• DATA EXTRACT:

○ ○ ○

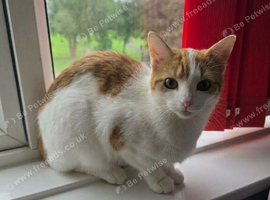 3 female cats for sale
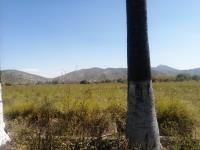 Quinta en venta en El Huarache (el Guarache), Lerdo — foto 3 de 16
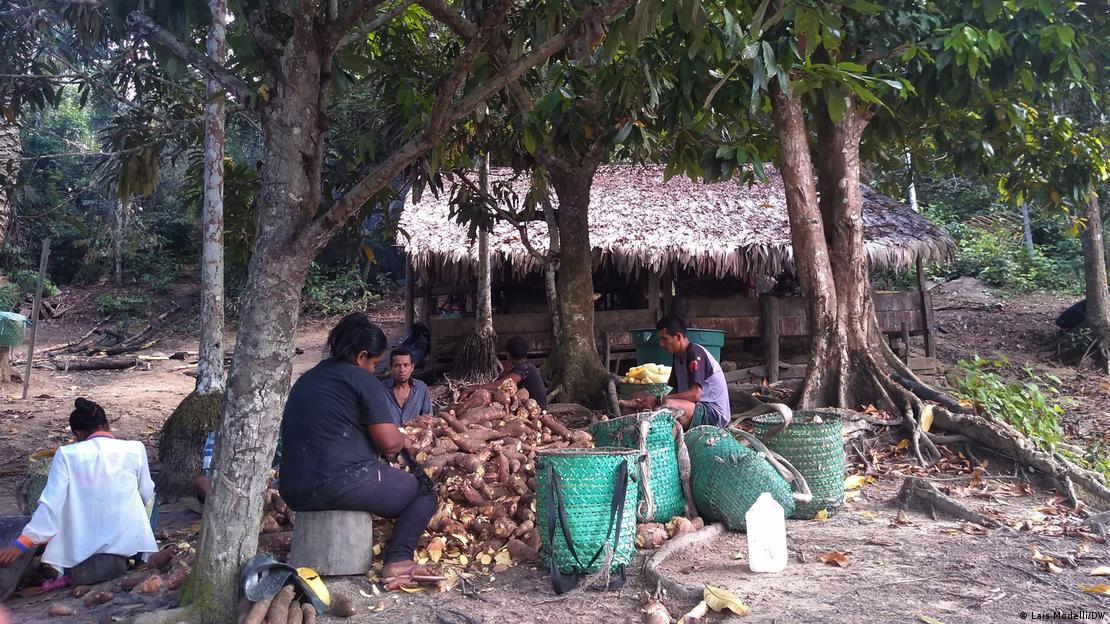 Família descasca a mandioca que será levada para fermentar no rio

○ ○ ○

All of the data is to be reproduced exactly, with the pictures left out.

 3 female cats for sale
 Quinta en venta en El Huarache (el Guarache), Lerdo — foto 3 de 16
 Família descasca a mandioca que será levada para fermentar no rio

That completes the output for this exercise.